One of the limiting factors to the widespread application of islet transplantation is the need for a large number of islets from one or multiple pancreata per recipient. Previous studies have demonstrated that a number of key determining factors are associated with islet yield (3,13,15,18), such as donor age, BMI, pancreas size, pancreatic quality, enzymes, and digestion duration. These are often considered during organ screening prior to islet isolation and are used as predictors of isolation success. However, these studies only analyzed the impact on overall islet yield in terms of AIC, IEQ, or AIC/IEQ. To the best of our knowledge, no analysis has been conducted to determine the impact of these factors on islet size and size distribution across discrete size categories.

Theoretically, all the aforementioned preisolation and isolation factors could influence islet yield and size distribution in a given islet preparation. However, human islet isolations consist of multiple harsh physical and chemical processes, such as long ischemia times, enzymatic digestion and dissociation, and islet purification. Therefore, the contribution of each factor to islet yield and size could be unchanged, increased, or decreased during each step of the isolation process.

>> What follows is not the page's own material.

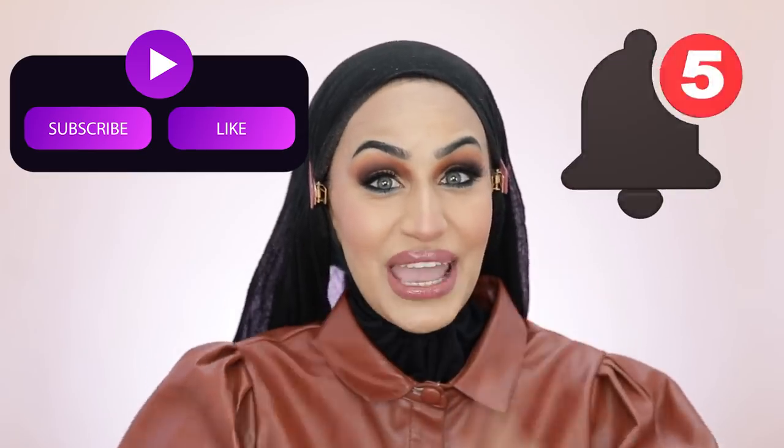Assalamu alaikum, welcome back to my channel. No long intro — this is the Huda Beauty new Faux Filter Foundation review. If you're new to the channel, don't forget to like, share, and subscribe, and hit that notification bell.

Our analysis of 276 isolations showed that, on average, 70.2% of AICs are smaller than a standard IEQ (less than 150 μm) and contribute to only 20.4% of the total IEQ, and larger islets (>250 μm) make up only 7.4% of the AIC but contribute to 42.4% of the total IEQ (Fig. 1a and b). This indicates that a significant amount of islets are fragmented or damaged during the isolation process, and preserving islet size during the isolation process is very important in improving islet yield.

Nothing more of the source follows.